▸ INPUT MATERIAL:
|---|

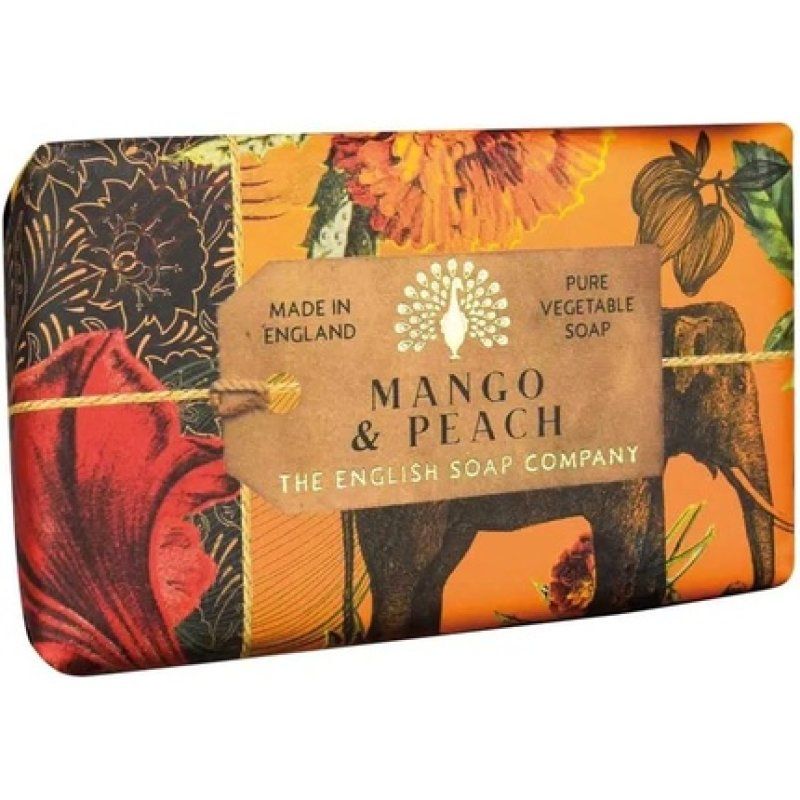 The English Soap Company Mango & Peach Anniversary Collection Wrapped Soap Bar 190g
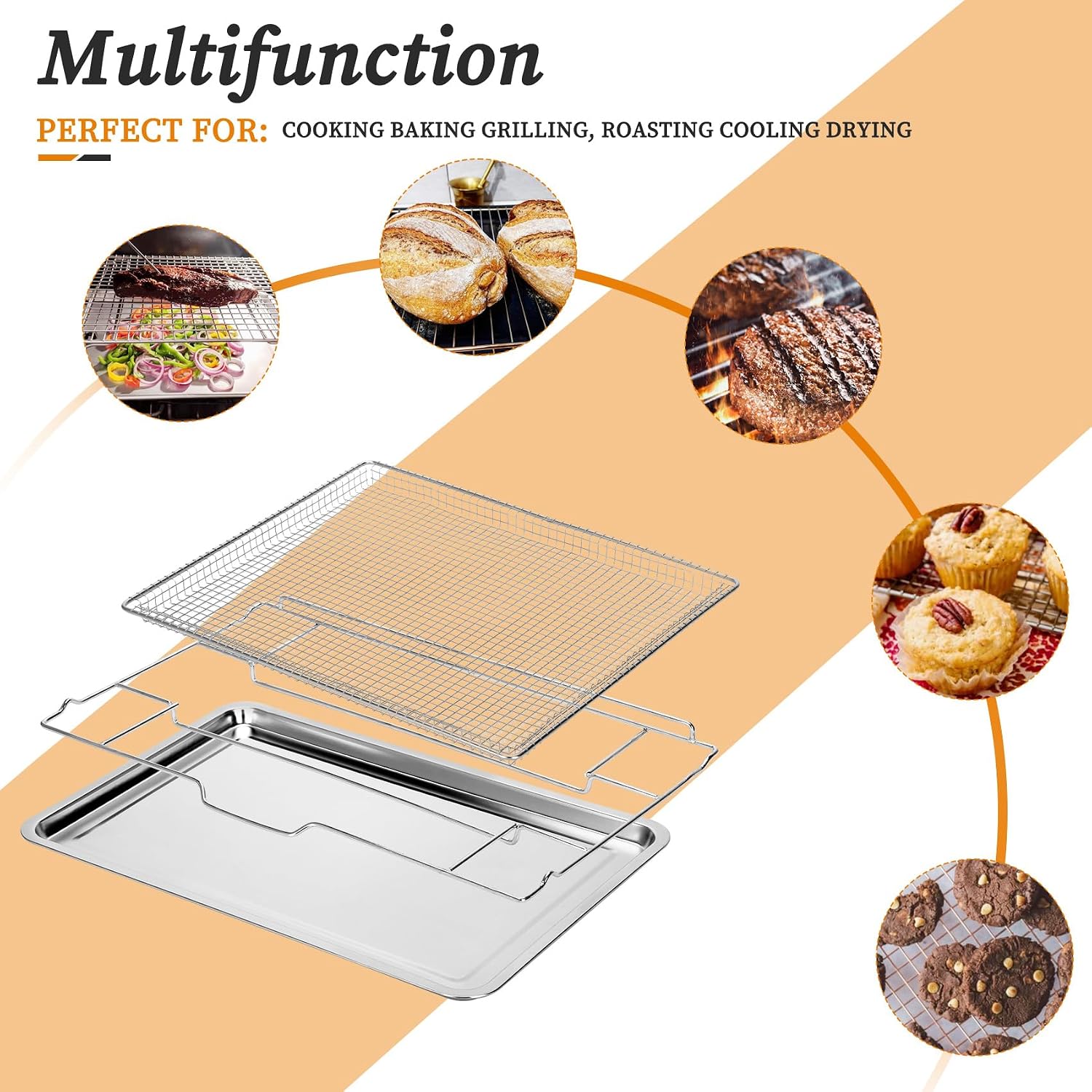 30 Inch Oven Parts Air Fryer Tray Compatible with 25 x 16.25 Inch Wall-Mounted Ovens,Ranges, and Wall-Mounted Oven/Microwave Combinations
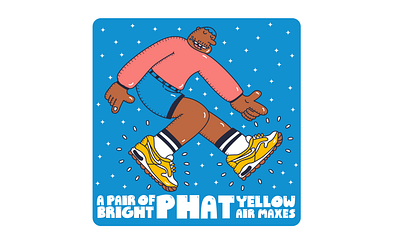Bright Phat Yellow Air Maxes - Illustration drawing illustration sneakers typogaphy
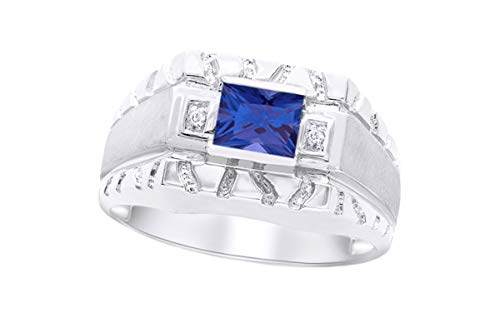 Affy Princess Cut Simulated Blue Sapphire & White Natural Diamond Accents Nugget Men's Ring In 10K White Gold Ring Size-8.5 #TOP9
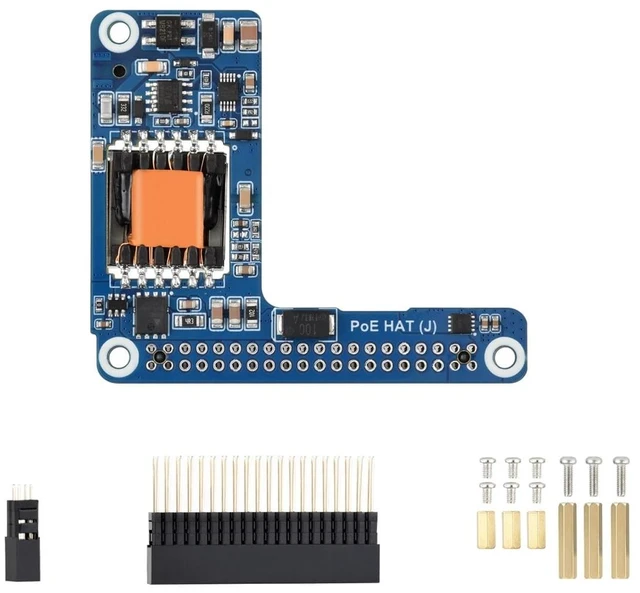 Main image of Power Over Ethernet PoE/PoE+ HAT for Raspberry Pi 5 / CM 5, IEEE 802.3af/at Network Standard, 5V 5A Output, Isolated SMPS, Compatible with Raspberry Pi 5 Official Case and Active Cooler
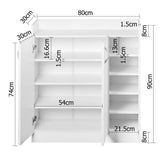 Artiss Shoe Rack Cabinet 21 Pairs Adjustable Shelves White Clair FURNI-SHOE-21-WH-AB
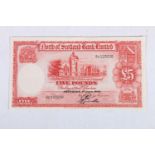 THE NORTH OF SCOTLAND BANK LIMITED five pound £5 banknote 1st July 1943, Webster, BE123208, SC715b.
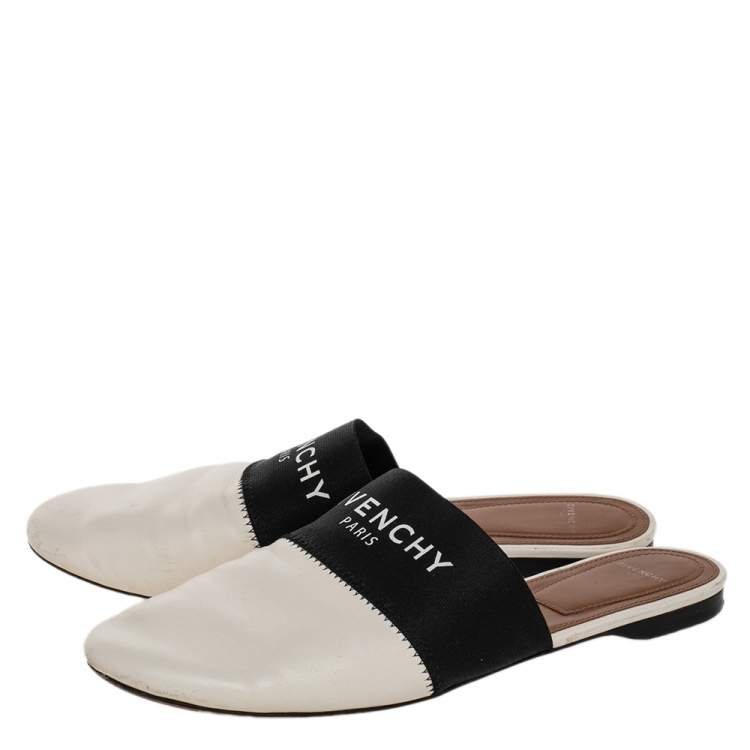 Pre Owned Givenchy White/Black Leather And Fabric Logo Mule Sandals Size 38
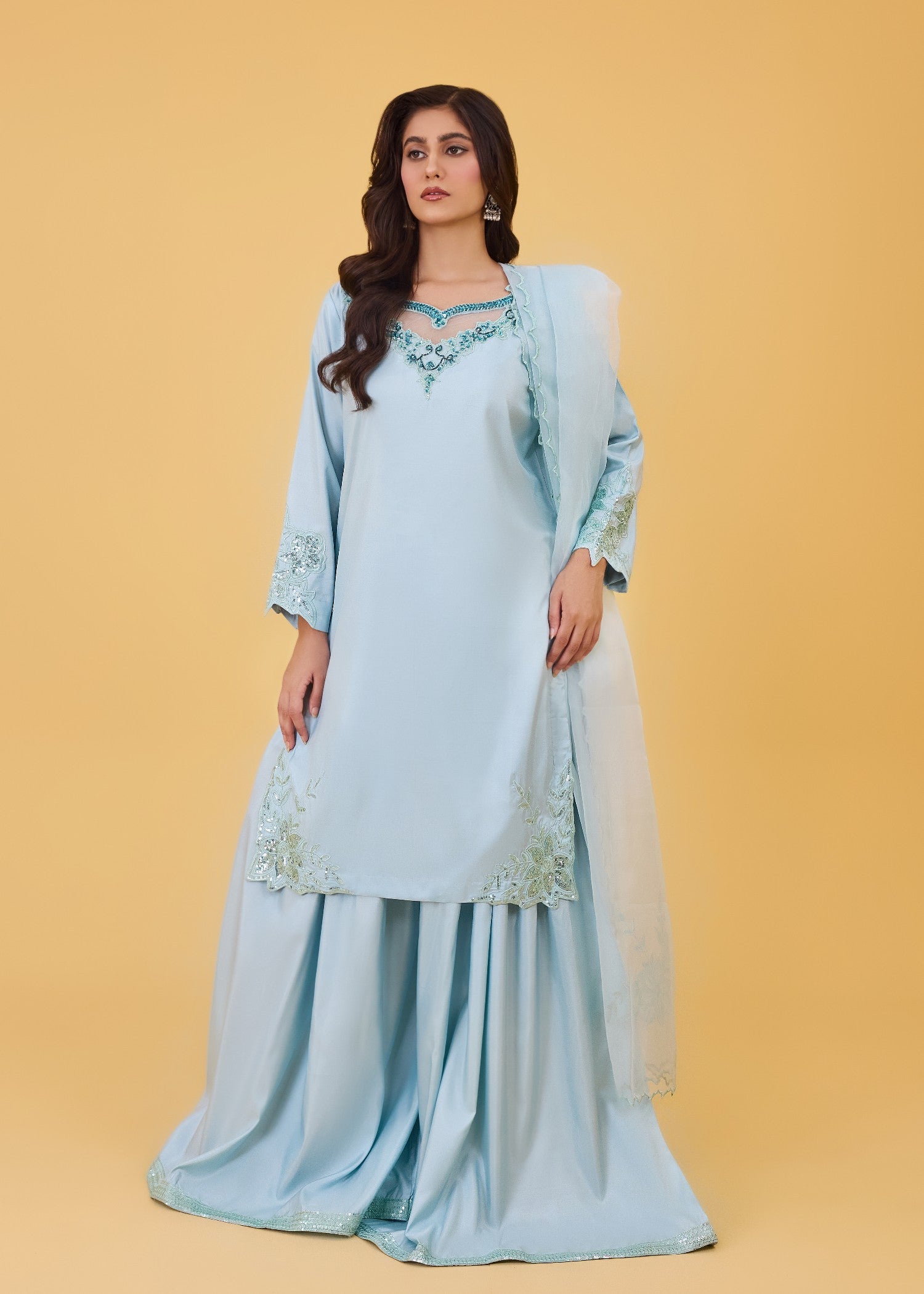 kattan silk Sharara in Powder blue
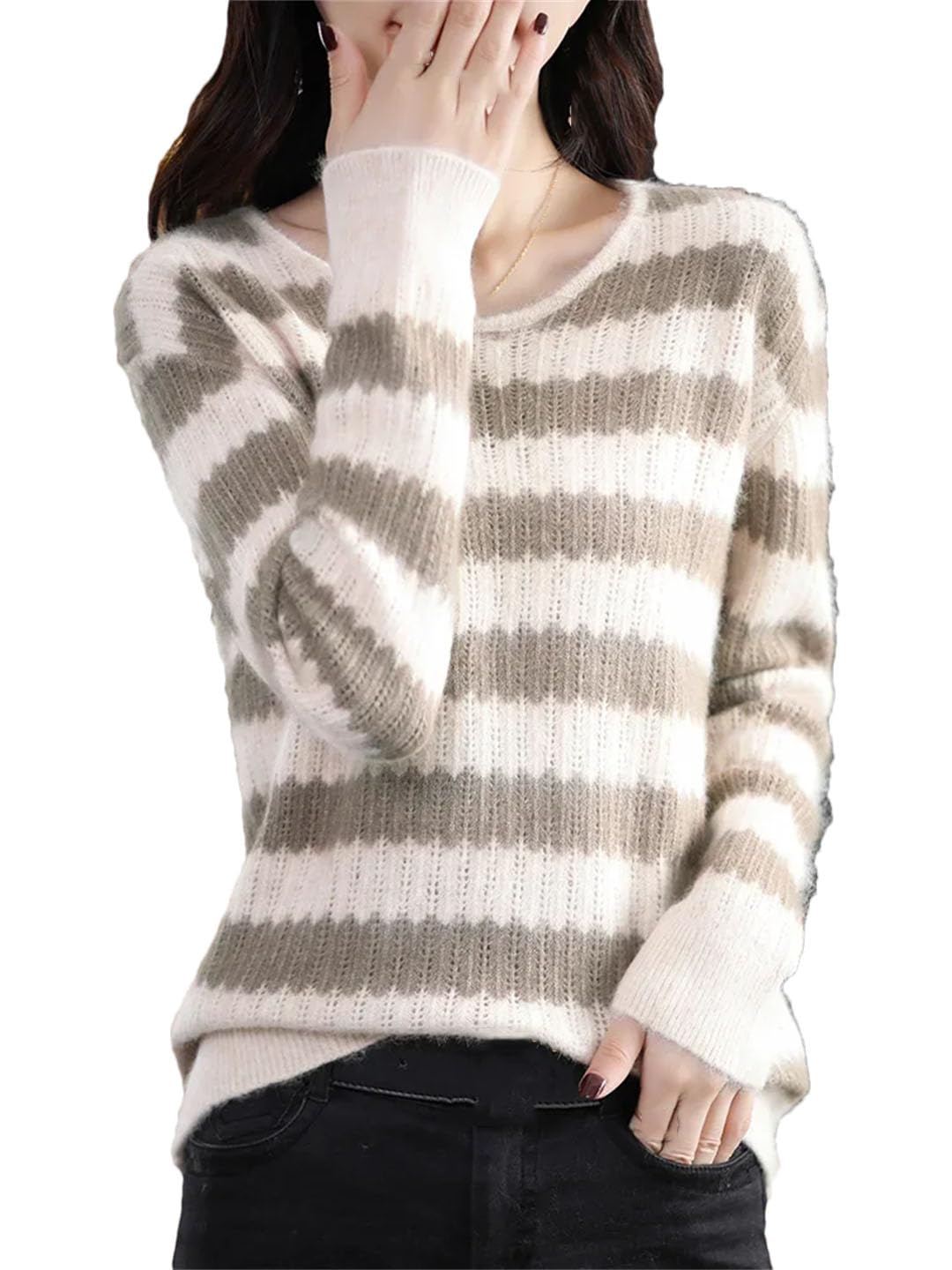 Vogrtcc Maglione Lavorato A Maglia in Cashmere da Donna Autunno Inverno O-Collo Top Warm Strip Pullover Casual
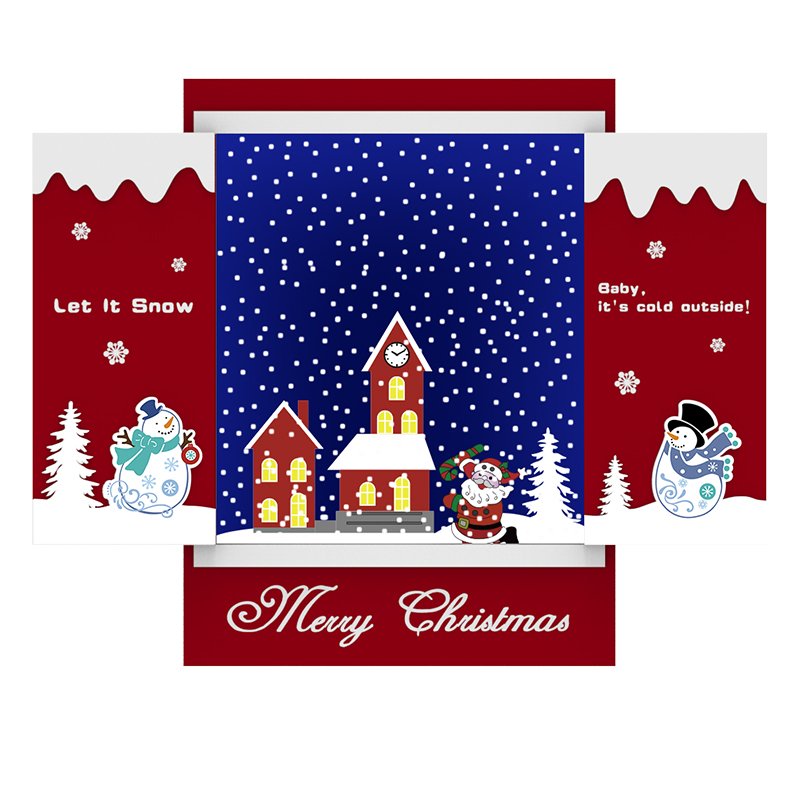 Window-shaped Home Wall Decor Snowing Christmas Decoration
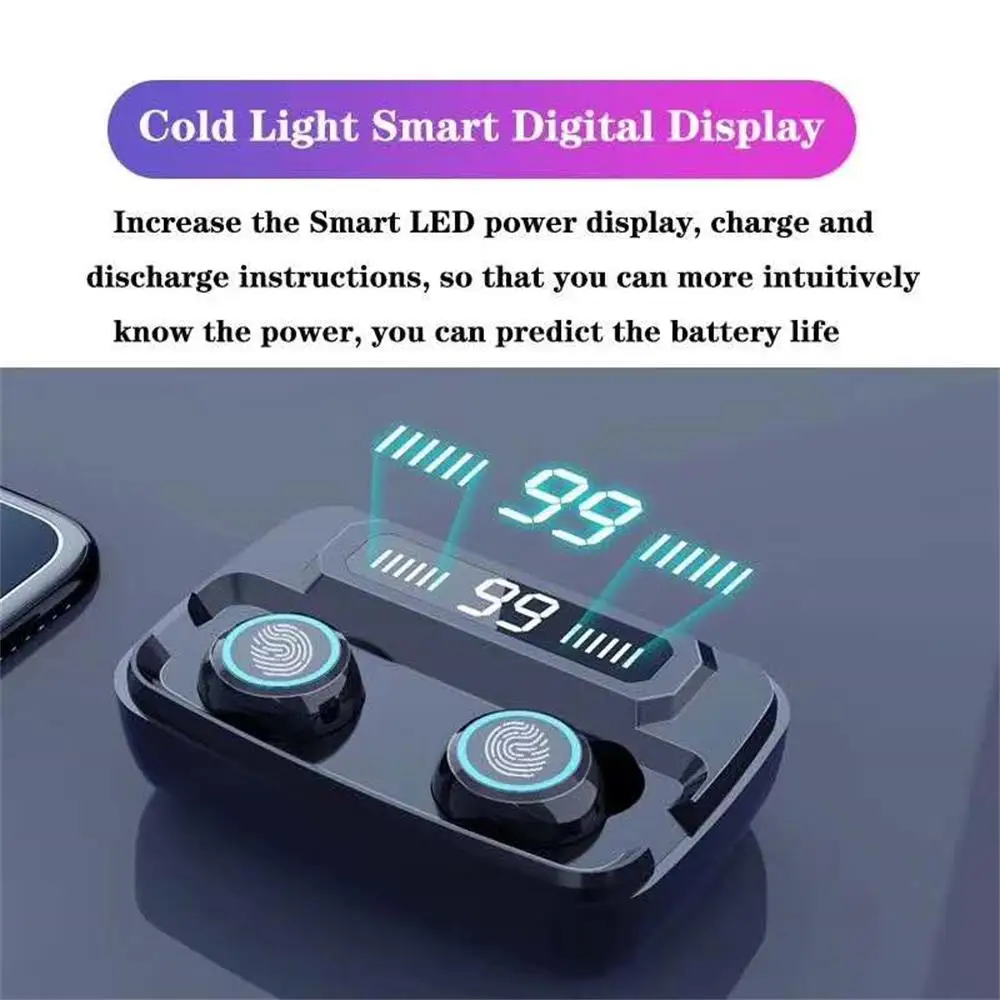 Fast Shipping 2000mAh LED Bluetooth Wireless Earphones Headphones Earbuds TWS Touch Control Sport Headset Noise Cancel Earphone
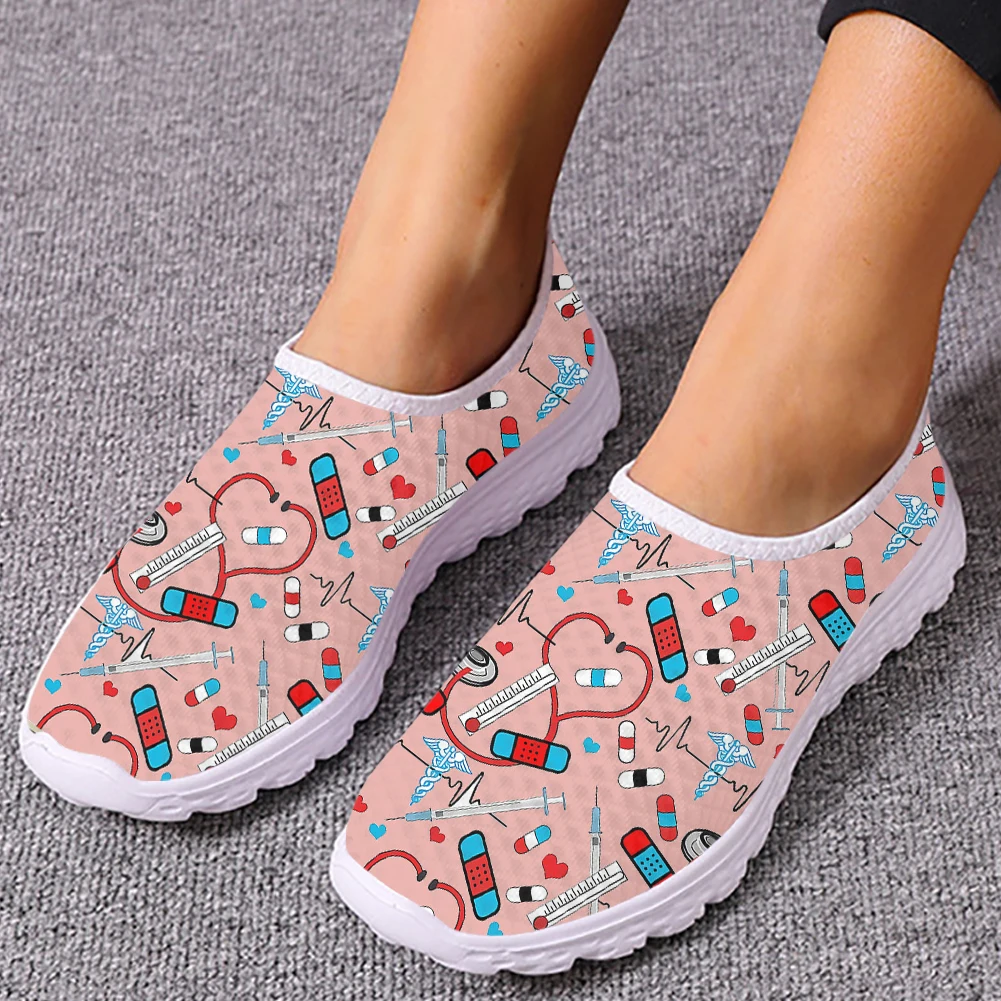 INSTANTARTS 2023 Nursing Shoes Stethoscope Medical Supplies Pattern Women\'s Non-Slip Flat Shoes Summer Breathable Mesh Sneakers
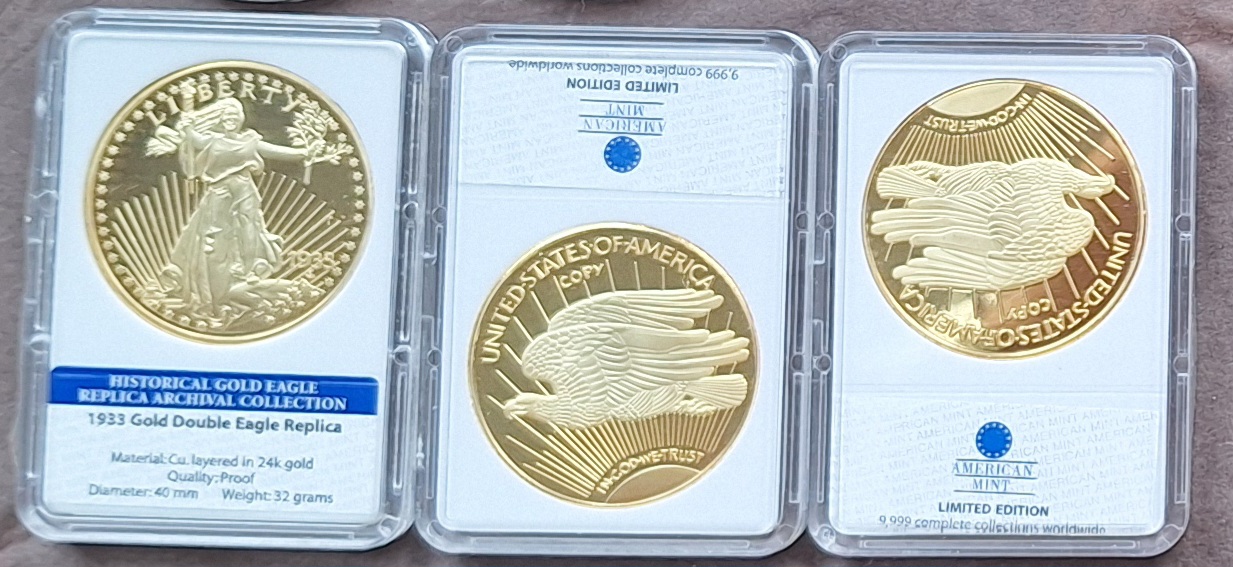  USA,1 Stück Gold Double Eagel KOPIE verpackt-AMERICAN MINT LIMITED EDITION (1von3)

|---|

▸ EXERCISE GOAL:
What you return should be only the exact lines from the top of the entries through the line with "kattan silk Sharara in Powder blue", minus the pictures.

▸ OUTPUT OF THE TASK:
 The English Soap Company Mango & Peach Anniversary Collection Wrapped Soap Bar 190g
 30 Inch Oven Parts Air Fryer Tray Compatible with 25 x 16.25 Inch Wall-Mounted Ovens,Ranges, and Wall-Mounted Oven/Microwave Combinations
Bright Phat Yellow Air Maxes - Illustration drawing illustration sneakers typogaphy
 Affy Princess Cut Simulated Blue Sapphire & White Natural Diamond Accents Nugget Men's Ring In 10K White Gold Ring Size-8.5 #TOP9
 Main image of Power Over Ethernet PoE/PoE+ HAT for Raspberry Pi 5 / CM 5, IEEE 802.3af/at Network Standard, 5V 5A Output, Isolated SMPS, Compatible with Raspberry Pi 5 Official Case and Active Cooler
 Artiss Shoe Rack Cabinet 21 Pairs Adjustable Shelves White Clair FURNI-SHOE-21-WH-AB
 THE NORTH OF SCOTLAND BANK LIMITED five pound £5 banknote 1st July 1943, Webster, BE123208, SC715b.
 Pre Owned Givenchy White/Black Leather And Fabric Logo Mule Sandals Size 38
 kattan silk Sharara in Powder blue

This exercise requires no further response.